Keywords:
headache - knowledge - general practitioners - neurology - emergency medical services
Palavras-chave:
cefaleia - conhecimento - clínicos gerais - neurologia - serviços médicos de emergência
Neurological complaints are frequent in general practice physician's routine, especially
those who work in emergency departments. Among them, headache is a very frequent disorder[1], which requires a certain degree of knowledge on Neurology because of its extensive
differential diagnosis. With high prevalence, it is estimated that each worker loses
at least one workday per year due to incapacitating headache[2]. Parallel to this, this symptom corresponds, in the United States, to the fifth
cause of urgency and second most common neurological complaint admitted in this department[3]. Adequate diagnoses and treatments make possible to reduce this impact on population
quality of life[4].
Classification in primary and secondary headache is important in initial evaluation.
If primary headache is confirmed, prophylaxis should be improved in order to prevent
future visits in emergency care units, while causes of secondary headache are potential
emergencies, requiring prompt diagnosis and treatment. However, evidence indicates
that there are divergences in diagnosis between generalists and neurologists[3]. Teaching about the topic in academia is unsatisfactory[4], besides there is a lack of training regarding headache to graduated professionals.
Previous findings have shown that patients with headache referral to neurologist often
occurs without necessity, leading to resources wasting[5].
Thus, it is therefore necessary to evaluate and create mechanisms to increase generalist's
knowledge about headache in order to avoid undiagnosed cases, emphasizing the need
for practice of continued medical education[6]. The objective of this study was to assess general practice physicians’ level of
knowledge about headaches, in addition to outline the profile of professionals who
attend in emergency departments, as well as the profile of their respective workplaces
in terms of neurological approach.
METHODS
The present study started after local Research Ethics Committee approval - CAAE 75384417.4.0000.5227.
All evaluated individuals gave their permission to participate through signing an
informed consent.
Participants
We included physicians who attend adult public emergency care units as general practitioners.
Exclusion criteria were professionals who have specialization, residency or qualification
as specialist in Neurology or Neurosurgery, or who are majoring these specializations.
Professionals who exclusively attend pediatric patients were also excluded from evaluation.
Testing application
A cross-sectional study was carried out through questionnaire application with questions
regarding general knowledge about headache, neurological management, and emergency
units’ general practitioners profile.
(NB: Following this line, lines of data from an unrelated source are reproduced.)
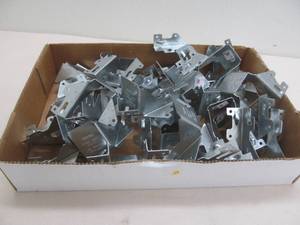 lot 126 image: Construction hardware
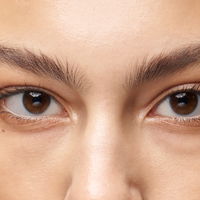 Ihr wollt dichte Augenbrauen? So gelingt das Brow Lift – mit Tipps vom Profi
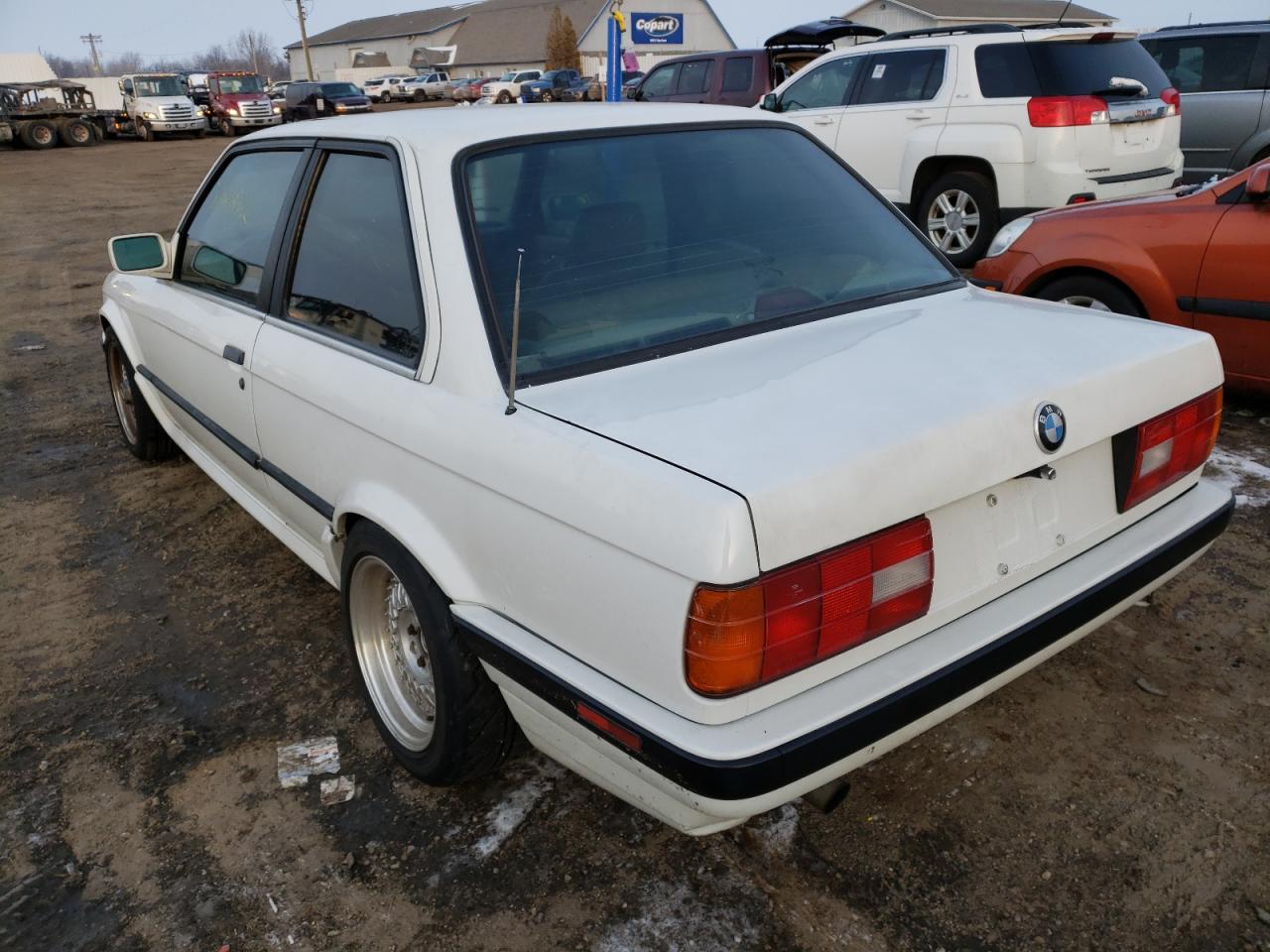 Photo 3 from auction – 1990 BMW 325 I with VIN WBAAA1318LAE58847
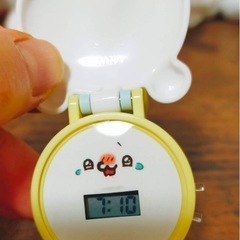 らぶいーず ぴょんちいのおもちゃの時計の画像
The questionnaire was structured in four parts:
informed consent, followed by demographic profile analysis and by multiple-choice
questions subdivided in two stages. Initial 10 questions are about individual's perceptions
regarding their knowledge and performance and then six practical questions about headache
management in Emergency Care. Questions were elaborated by specialists. Regarding
questions about headache clinical management, adequacy of responses was analyzed according
to the National Protocol for Diagnosis and Management of Headache in Brazil Emergency
Units, published by Headache Scientific Department of Brazilian Headache Society[7]. Questions used in questionnaire are presented in Appendix 1, available at www.limuneuro.com/questionsheadache.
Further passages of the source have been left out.